Running Puppy from Bootable USB - problems

#1 Post by Moondance »

I am a NEWBIE to Puppy, so please don't shoot me because I don't know much, or because I don't even know which version of Puppy I'm running...

Anyway, basically, I use Windows XP. Daemon Tools has a stupid little .sys file that has become corrupt, and despite it being completely unessential, the stupid computer tries to load said .sys file at the start of every bootup, and due to it being corrupt, it won't load and windows goes nowhere, but into a relentless cycle of blue screen, power down, restart, try again.

SO .... enter puppy. Well over a year ago I made a bootable USB flash drive of Puppy for emergencies such as this. I loaded up the USB, booted in, and attempted to mount my hard drive.
Got this shiny red warning sign which scared the living bejesus out of me:


Image


And then obviously, I couldn't rename, alter, delete anything on the hard drive. Which makes this exercise just a little pointless.
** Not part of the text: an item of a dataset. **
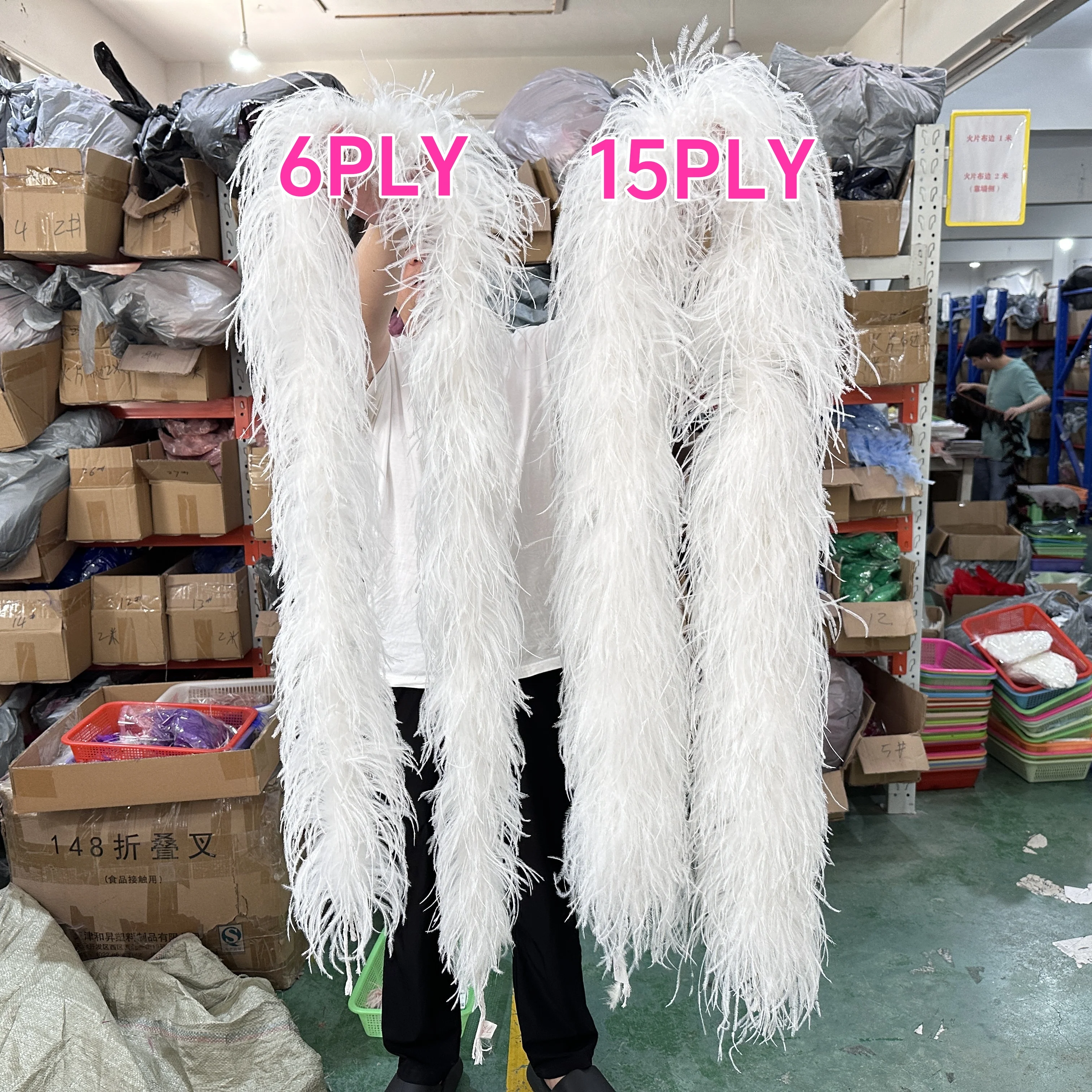 Natural Ostrich Feather Boa 6 10 15Ply Fluffy Ostrich feather Warmth Scarf Stage Dress Costume Decorative Accessories Customized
I need to be able to rename or remove the corrupt file.

Can anybody please help? And I need this stuff in laymens terms. I'm a completely new person to Puppy and most of what I've read about reads like a foreign language to me.

<3 Hope someone can help, thanks!

nooby
Posts: 10369
Joined: Sun 29 Jun 2008, 19:05
Location: SwedenEurope

#2 Post by nooby »

interesting problem there. Could happen to many more maybe so would be cool if somebody is clever enough to find a solution.

I am a noob kind of person. So I fail to get what to do.

But I would use the search in my Signature and look for people that knows how one read such error messages. Look for if soembody has had same problem before.

Good luck
I use Google Search on Puppy Forum
not an ideal solution though

disciple
Posts: 6984
Joined: Sun 21 May 2006, 01:46
Location: Auckland, New Zealand

Re: Running Puppy from Bootable USB - problems

#3 Post by disciple »

Moondance wrote:And then obviously, I couldn't rename, alter, delete anything on the hard drive.
Normally at this point you would copy the files you need off the drive ;)

Unfortunately that's what you get with rubbish proprietary filesystems... but why do you think the problem is only one corrupt .sys file?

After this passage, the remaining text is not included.